According to experts, the newest NOAA satellite data suggests that the red tide bloom offshore is around 50 square miles in size.
Red tide surges Dead fish  on the beach.Photo byGetty Images

SIESTA KEY, FLORIDA: Dead fish have washed up on Sarasota and Manatee counties' Suncoast beaches. For weeks, Florida Department of Health officials has been concerned about high red tide levels in Gulf Coast waterways.

According to authorities, a red tide bloom offshore has continued to expand and has begun to kill off some marine species. Seeing so many dead fish is a troubling sight for people visiting our local beaches. Many are experiencing red tide for the first time, and it is driving some of them away.

"I was walking up to the beach when I noticed all these small dead fish, so I turned back," Kelsey Knapp, a visitor from California, said.

Knapp and a friend had been on a short vacation in the region." From where we're sitting, it's OK, but I can see how it'll get sort of disgusting in a few days," she added. The majority of tourists have heeded the now-weekly red tide warning and avoided the muddy waters. People avoided the sea entirely at Siesta Beach, and the shoreline was overrun by birds nibbling at the dead fish.

"What we're seeing here is a mix of fish from the bay or the Gulf of Mexico," said Dave Tomasko, executive director of the Sarasota Bay Estuary Program. Catfish, snooks, and eels were among the numerous fish species killed by the red tide.

According to experts, the extent of the red tide map offshore is around 50 square miles wide, based on the most recent satellite images from the National Oceanic and Atmospheric Association. They also claimed that the quantity of toxins in the water was ten times more than what was required to kill fish.

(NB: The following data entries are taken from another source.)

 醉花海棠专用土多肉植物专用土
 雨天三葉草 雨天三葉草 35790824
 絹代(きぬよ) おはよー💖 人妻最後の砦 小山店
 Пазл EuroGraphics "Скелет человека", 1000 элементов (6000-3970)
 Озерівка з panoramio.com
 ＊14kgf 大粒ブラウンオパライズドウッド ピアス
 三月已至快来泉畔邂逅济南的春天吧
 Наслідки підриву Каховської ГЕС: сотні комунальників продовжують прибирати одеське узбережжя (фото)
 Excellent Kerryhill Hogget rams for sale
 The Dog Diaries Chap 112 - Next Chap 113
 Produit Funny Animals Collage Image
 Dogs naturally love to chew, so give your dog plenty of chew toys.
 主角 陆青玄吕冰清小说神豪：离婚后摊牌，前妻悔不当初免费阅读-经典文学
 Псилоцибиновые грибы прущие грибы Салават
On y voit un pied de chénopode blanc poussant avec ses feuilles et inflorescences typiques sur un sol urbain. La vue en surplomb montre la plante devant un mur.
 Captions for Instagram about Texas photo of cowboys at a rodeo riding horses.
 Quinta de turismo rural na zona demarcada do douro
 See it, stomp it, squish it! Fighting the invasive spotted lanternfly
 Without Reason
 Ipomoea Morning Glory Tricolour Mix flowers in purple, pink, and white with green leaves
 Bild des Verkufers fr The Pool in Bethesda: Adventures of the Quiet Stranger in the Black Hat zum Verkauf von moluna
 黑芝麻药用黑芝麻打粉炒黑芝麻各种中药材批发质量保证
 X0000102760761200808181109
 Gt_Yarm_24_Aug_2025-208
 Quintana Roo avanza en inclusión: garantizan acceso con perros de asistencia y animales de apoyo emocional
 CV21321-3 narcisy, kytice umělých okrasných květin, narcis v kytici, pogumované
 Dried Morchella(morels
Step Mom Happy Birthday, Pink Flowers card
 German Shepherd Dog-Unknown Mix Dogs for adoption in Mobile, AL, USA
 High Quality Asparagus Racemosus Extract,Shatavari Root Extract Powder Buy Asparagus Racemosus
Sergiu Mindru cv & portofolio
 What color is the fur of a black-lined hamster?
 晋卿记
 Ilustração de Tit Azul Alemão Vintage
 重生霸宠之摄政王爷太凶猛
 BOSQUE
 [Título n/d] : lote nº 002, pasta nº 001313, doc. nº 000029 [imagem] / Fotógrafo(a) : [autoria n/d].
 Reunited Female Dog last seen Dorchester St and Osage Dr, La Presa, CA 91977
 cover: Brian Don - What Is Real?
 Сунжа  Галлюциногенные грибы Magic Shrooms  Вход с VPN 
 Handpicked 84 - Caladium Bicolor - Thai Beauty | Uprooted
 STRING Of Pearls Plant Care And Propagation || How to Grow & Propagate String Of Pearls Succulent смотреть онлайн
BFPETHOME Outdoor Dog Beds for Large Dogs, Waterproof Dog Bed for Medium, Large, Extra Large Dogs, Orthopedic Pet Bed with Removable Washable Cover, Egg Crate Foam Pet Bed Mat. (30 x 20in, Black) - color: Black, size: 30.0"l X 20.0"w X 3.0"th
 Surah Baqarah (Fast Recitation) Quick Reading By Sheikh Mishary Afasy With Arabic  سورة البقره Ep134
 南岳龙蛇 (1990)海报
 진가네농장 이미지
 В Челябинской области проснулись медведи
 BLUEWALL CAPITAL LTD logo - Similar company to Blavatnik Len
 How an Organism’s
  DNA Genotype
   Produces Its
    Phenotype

"It soon kills almost all of the fish it comes into touch with. In less than a half-hour, a whole bay has gone silent "explained Tomasko. The seashore is not the only location where enormous volumes of fish are being killed as a result of the red tide bloom. Dead fish have also been discovered in several areas' waterways, where they are already washing into backyards.

"You can see large ones [fish], and there are small ones, primarily up on my rocks," says the guide. Mike Koloski of Osprey said it's been difficult to go outside because of the pollutants, and now the fish kill would make backyard outings short and quick since being outside would be intolerable once the decaying processes started.

"This just happened overnight, so it hasn't begun decaying and stinking yet, but I'm expecting it'll become worse in the next couple of days," he remarked.

According to conservationists, red tide cannot be avoided, but pumping less nitrogen into the rivers can decrease its impact."If you don't like red tide, don't exacerbate it. We need to improve our wastewater and storm systems, as well as our wastewater infrastructure, as well as take better care of our mangroves and get more clams and oysters out in our bays "said Tomasko. Meanwhile, other tourists are compelled to deal with the situation or make alternative arrangements that do not involve the beach or rivers.

"We're pleased this is our final day here so we won't have to deal with the worst of it," Jacob Deprez, also from Michigan, said. Dead fish are also washing up on Longboat Key and Bradenton Beach. The next red tide report will be issued on Wednesday.